▸ MATERIAL PROVIDED:
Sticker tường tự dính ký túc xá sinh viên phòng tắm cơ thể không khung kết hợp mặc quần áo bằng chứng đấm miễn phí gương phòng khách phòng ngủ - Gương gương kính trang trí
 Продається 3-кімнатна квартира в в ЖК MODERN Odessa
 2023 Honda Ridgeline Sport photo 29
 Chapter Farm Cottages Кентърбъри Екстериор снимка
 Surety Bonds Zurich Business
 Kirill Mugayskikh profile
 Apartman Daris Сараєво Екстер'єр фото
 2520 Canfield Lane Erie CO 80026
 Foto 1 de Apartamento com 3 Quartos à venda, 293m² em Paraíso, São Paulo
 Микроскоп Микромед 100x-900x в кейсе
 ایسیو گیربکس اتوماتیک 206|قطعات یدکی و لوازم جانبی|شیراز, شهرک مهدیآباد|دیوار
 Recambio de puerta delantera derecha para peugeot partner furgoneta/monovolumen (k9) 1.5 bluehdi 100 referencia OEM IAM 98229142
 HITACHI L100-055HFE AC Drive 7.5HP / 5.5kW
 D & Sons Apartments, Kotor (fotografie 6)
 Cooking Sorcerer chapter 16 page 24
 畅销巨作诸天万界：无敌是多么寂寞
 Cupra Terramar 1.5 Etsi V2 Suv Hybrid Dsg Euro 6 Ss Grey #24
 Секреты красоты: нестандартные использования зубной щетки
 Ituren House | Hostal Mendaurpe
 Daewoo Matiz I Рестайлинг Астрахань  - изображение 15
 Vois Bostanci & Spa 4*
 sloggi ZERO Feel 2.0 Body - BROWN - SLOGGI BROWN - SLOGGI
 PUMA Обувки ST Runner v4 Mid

▸ INSTRUCTIONS FOR THE TASK: In full and without change, transcribe every line of the records above.

▸ ANSWER FOR THIS EXERCISE:
Sticker tường tự dính ký túc xá sinh viên phòng tắm cơ thể không khung kết hợp mặc quần áo bằng chứng đấm miễn phí gương phòng khách phòng ngủ - Gương gương kính trang trí
 Продається 3-кімнатна квартира в в ЖК MODERN Odessa
 2023 Honda Ridgeline Sport photo 29
 Chapter Farm Cottages Кентърбъри Екстериор снимка
 Surety Bonds Zurich Business
 Kirill Mugayskikh profile
 Apartman Daris Сараєво Екстер'єр фото
 2520 Canfield Lane Erie CO 80026
 Foto 1 de Apartamento com 3 Quartos à venda, 293m² em Paraíso, São Paulo
 Микроскоп Микромед 100x-900x в кейсе
 ایسیو گیربکس اتوماتیک 206|قطعات یدکی و لوازم جانبی|شیراز, شهرک مهدیآباد|دیوار
 Recambio de puerta delantera derecha para peugeot partner furgoneta/monovolumen (k9) 1.5 bluehdi 100 referencia OEM IAM 98229142
 HITACHI L100-055HFE AC Drive 7.5HP / 5.5kW
 D & Sons Apartments, Kotor (fotografie 6)
 Cooking Sorcerer chapter 16 page 24
 畅销巨作诸天万界：无敌是多么寂寞
 Cupra Terramar 1.5 Etsi V2 Suv Hybrid Dsg Euro 6 Ss Grey #24
 Секреты красоты: нестандартные использования зубной щетки
 Ituren House | Hostal Mendaurpe
 Daewoo Matiz I Рестайлинг Астрахань  - изображение 15
 Vois Bostanci & Spa 4*
 sloggi ZERO Feel 2.0 Body - BROWN - SLOGGI BROWN - SLOGGI
 PUMA Обувки ST Runner v4 Mid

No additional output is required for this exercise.